For how many good reasons to kill a character, there are a hundred bad reasons. I've seen characters die of God complexes, shitty twists, tear-jerkers, and stupid-shitty-writer-itis. What is stupid-shitty-writer-itis? When you do something stupid and shitty just because you're a writer.

"It will mean something if I kill him." "It will cause stress to my readers if I kill her." "Ah, but I will surprise and shock them because it hasn't been done before!" Or the worst, the stupidest, and the shittiest: "If these people die, then you just don't know who's going to go next!"

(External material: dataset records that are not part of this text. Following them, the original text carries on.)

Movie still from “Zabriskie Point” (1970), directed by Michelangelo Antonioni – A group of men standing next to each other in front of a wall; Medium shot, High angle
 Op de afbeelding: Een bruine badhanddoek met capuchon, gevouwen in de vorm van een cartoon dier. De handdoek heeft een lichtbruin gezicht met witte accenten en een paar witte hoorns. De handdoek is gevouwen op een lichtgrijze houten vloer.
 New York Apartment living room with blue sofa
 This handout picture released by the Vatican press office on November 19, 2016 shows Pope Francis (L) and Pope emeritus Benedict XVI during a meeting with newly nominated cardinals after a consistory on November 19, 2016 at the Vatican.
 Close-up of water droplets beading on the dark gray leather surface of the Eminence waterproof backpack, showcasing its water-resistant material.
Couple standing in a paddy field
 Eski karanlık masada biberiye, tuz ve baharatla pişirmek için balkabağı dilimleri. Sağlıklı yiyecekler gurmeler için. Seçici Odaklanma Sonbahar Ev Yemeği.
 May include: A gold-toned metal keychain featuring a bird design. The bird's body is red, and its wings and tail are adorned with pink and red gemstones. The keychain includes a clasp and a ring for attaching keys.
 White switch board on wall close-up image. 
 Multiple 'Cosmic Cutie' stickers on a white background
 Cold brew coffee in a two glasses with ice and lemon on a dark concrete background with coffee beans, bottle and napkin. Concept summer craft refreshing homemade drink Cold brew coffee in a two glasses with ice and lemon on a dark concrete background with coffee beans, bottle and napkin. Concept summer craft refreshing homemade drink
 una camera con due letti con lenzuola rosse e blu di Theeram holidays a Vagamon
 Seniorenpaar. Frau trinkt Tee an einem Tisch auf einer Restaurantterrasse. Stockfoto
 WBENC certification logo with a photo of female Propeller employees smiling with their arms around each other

That last award goes to George R.R. Martin. To clarify, Martin is not a shitty writer. But as much as I absolutely love Martin's prose and language and character building, I can't bring myself to read the next book and I am forced to watch the TV show. While I agree with and love the the idea of "Drew Barrymoring" a character in order to create the feeling that no character is sacred (see: Scream), I do think that Barrymoring every character in every other chapter is just too overwhelming and gives no reason to keep reading. We connect through our characters.

But I will also argue that I am much younger and not as brilliant as George R.R. Martin, so I may completely agree with him in twenty years.


When you kill too much or you kill for the wrong reasons, then the book becomes meaningless and contrived.

So when is it okay to kill characters?
Some people make the mistake of never killing a character. Everyone either Disney Deaths back to life (getting in the sobs of a death scene only to cough a little and open their eyes to a "Baloo! You're alive!"), or they protect all of their main characters out of a fear of doing them wrong or having to say goodbye to them too soon.

So here it is, the reason why you should kill a character. It must push the story developmentally through one of the elements of fiction (minus "language," because no you don't get to kill someone off just to write a beautiful paragraph about butterflies and gravestones):

1. It moves a character forward. (Harry must move alone without his parentals in order to grow)
2. It moves the plot along. (Because of Voldemort's death, we lead into the denouement)
3. It sets the tone for your time and place. (Cedric Diggory is dead, and things are getting real)
4. It
fits into your overall theme. (Sirius Black dies without any reason, which is how death works, and it teaches Harry to heal and keep moving on)

Those are the only four reasons why you should kill a character.

One other thing you need to look at: What does death mean in your book's world? In some of my own books, I have no afterlife. In the one I am writing right now, there is an afterlife. Continuing with the Harry Potter examples, Rowling most definitely has a clear afterlife involved in her mythos. Because of this, death does not take on the same weight as death takes on in Westeros, where you are dead and cold as soon as the blood drains from the heart from whence the Hound stabbed the ever-living crap out of you.

So if you have created an atheist world, that means your character is gone forever. If you have created a Christian world, that means your character is being judged. If you have created a world with resurrection, or reincarnation, or hauntings, or other dimensions or other levels ... what does that mean for the growth of your surviving characters?

So looking at my story, I agreed to kill this character off. I will not write it now, because it hurts too much. There needs to be a sense of choice in the story, a sense of the character maybe getting off easier. But I won't erase what I've written. I can't save them. No matter what I do, I can't. It fits, and it is going to be sad, but it makes sense.

So I'm sorry, Character, I can't save them. I would if I could, but I can't.